Das BVerfG hat der Ver­fas­sungs­be­schwer­de statt­ge­ge­ben. Der Be­schwer­de­füh­rer sei durch die Ge­richts­ent­schei­dun­gen in sei­nem Recht auf ein fai­res Ver­fah­ren ver­letzt. Zwar sei es nicht zu be­an­stan­den, dass bei stan­dar­di­sier­ten Mess­ver­fah­ren die Fest­stel­lungs- und Dar­le­gungs­pflich­ten des Tat­ge­richts im Re­gel­fall re­du­ziert sind. Da­durch werde ge­währ­leis­tet, dass bei mas­sen­haft vor­kom­men­den Ver­kehrs­ord­nungs­wid­rig­kei­ten nicht bei jedem ein­zel­nen Bu­ß­geld­ver­fah­ren an­lass­los die tech­ni­sche Rich­tig­keit einer Mes­sung je­weils neu über­prüft wer­den muss. Dem Be­trof­fe­nen blei­be die Mög­lich­keit er­öff­net, das Tat­ge­richt auf Zwei­fel auf­merk­sam zu ma­chen und einen ent­spre­chen­den Be­weis­an­trag zu stel­len. Hier­für müsse er kon­kre­te An­halts­punk­te für tech­ni­sche Fehl­funk­tio­nen des Mess­ge­rä­tes vor­tra­gen. Die bloße Be­haup­tung, die Mes­sung sei feh­ler­haft, be­grün­de für das Ge­richt keine Pflicht zur Auf­klä­rung.

Recht auf Zu­gang zu In­for­ma­tio­nen au­ßer­halb der Akte

Aus dem Recht auf ein fai­res Ver­fah­ren folge aber, dass der Be­trof­fe­ne grund­sätz­lich An­spruch auf Zu­gang zu au­ßer­halb der Ge­richts­ak­te be­find­li­che In­for­ma­tio­nen hat, um sich Ge­wiss­heit über sei­ner Ent­las­tung die­nen­de Tat­sa­chen zu ver­schaf­fen. Dies be­deu­te al­ler­dings nicht, dass die­ses Zu­gangs­recht un­be­grenzt gilt. Die be­gehr­ten, hin­rei­chend kon­kret be­nann­ten In­for­ma­tio­nen müss­ten viel­mehr in einem sach­li­chen und zeit­li­chen Zu­sam­men­hang mit dem je­wei­li­gen Ord­nungs­wid­rig­kei­ten­vor­wurf ste­hen sowie für die Ver­tei­di­gung re­le­vant sein, um eine ufer­lo­se Aus­for­schung, er­heb­li­che Ver­fah­rens­ver­zö­ge­run­gen und Rechts­miss­brauch zu ver­hin­dern. Ent­schei­dend sei dabei, ob der Be­trof­fe­ne be­zie­hungs­wei­se sein Ver­tei­di­ger eine In­for­ma­ti­on ver­ständ­li­cher­wei­se für die Be­ur­tei­lung des Ord­nungs­wid­rig­kei­ten­vor­wurfs für be­deut­sam hal­ten darf.
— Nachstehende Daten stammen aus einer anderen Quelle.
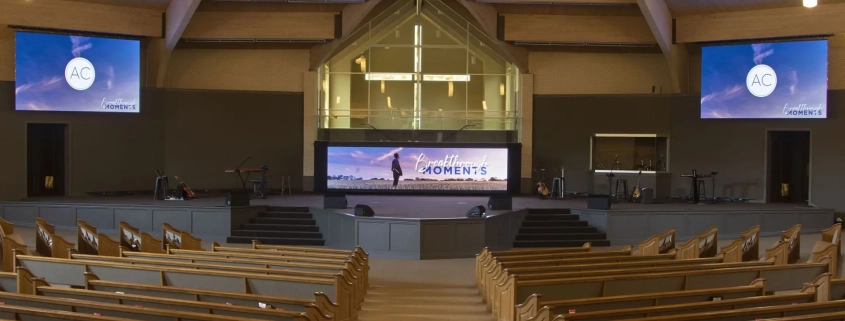 Best Church Attendance Tracking System in Kenya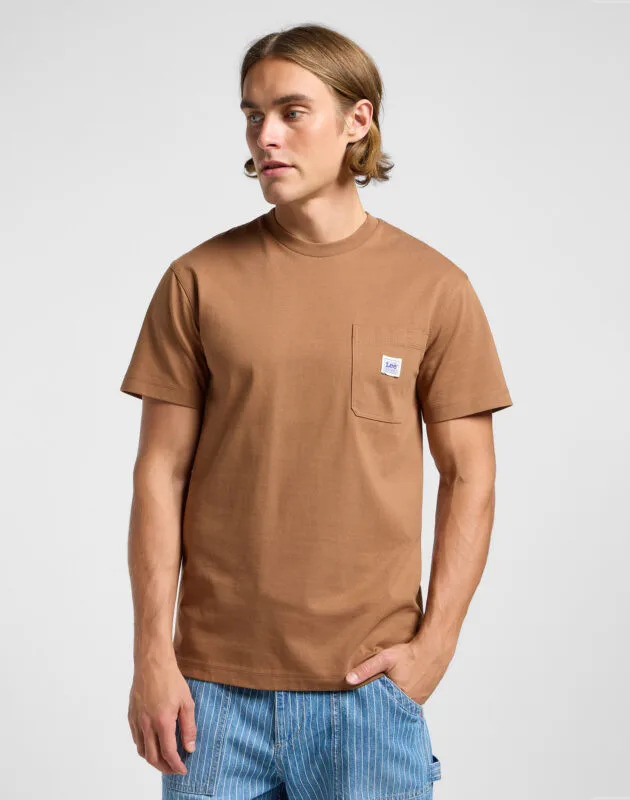 חולצת Workwear קצרה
Keine Ent­wer­tung des stan­dar­di­sier­ten Mess­ver­fah­rens

Durch die Ge­wäh­rung eines sol­chen In­for­ma­ti­ons­zu­gangs werde der Recht­spre­chung zu stan­dar­di­sier­ten Mess­ver­fah­ren nicht die Grund­la­ge ent­zo­gen, so das BVerfG wei­ter. Zwar stehe dem Be­trof­fe­nen ein Zu­gangs­recht vom Be­ginn bis zum Ab­schluss des Ver­fah­rens zu. Er könne sich mit den Er­kennt­nis­sen aus dem Zu­gang zu wei­te­ren In­for­ma­tio­nen aber nur er­folg­reich ver­tei­di­gen, wenn er die­sen recht­zei­tig im Bu­ß­geld­ver­fah­ren be­gehrt. So­lan­ge sich aus der Über­prü­fung der In­for­ma­tio­nen keine hin­rei­chend kon­kre­ten An­halts­punk­te für die Feh­ler­haf­tig­keit des Mess­ergeb­nis­ses er­ge­ben, blie­ben die Auf­klä­rungs- und Fest­stel­lungs­pflich­ten der Fach­ge­rich­te nach den Grund­sät­zen des stan­dar­di­sier­ten Mess­ver­fah­rens re­du­ziert. Er­mitt­le der Be­trof­fe­ne indes kon­kre­te An­halts­punk­te für eine Feh­ler­haf­tig­keit des Mess­ergeb­nis­ses, müsse das Ge­richt ent­schei­den, ob es sich - ge­ge­be­nen­falls unter Hin­zu­zie­hung eines Sach­ver­stän­di­gen - den­noch von dem Ge­schwin­dig­keits­ver­stoß über­zeu­gen kann. Im Üb­ri­gen blie­ben die Mög­lich­kei­ten zur Ab­leh­nung von Be­weis­an­trä­gen aus § 77 Abs. 2 OWiG un­be­rührt.

zu BVerfG, Beschluss vom 12.11.2020 - 2 BvR 1616/18

Redaktion beck-aktuell, 15. Dez 2020.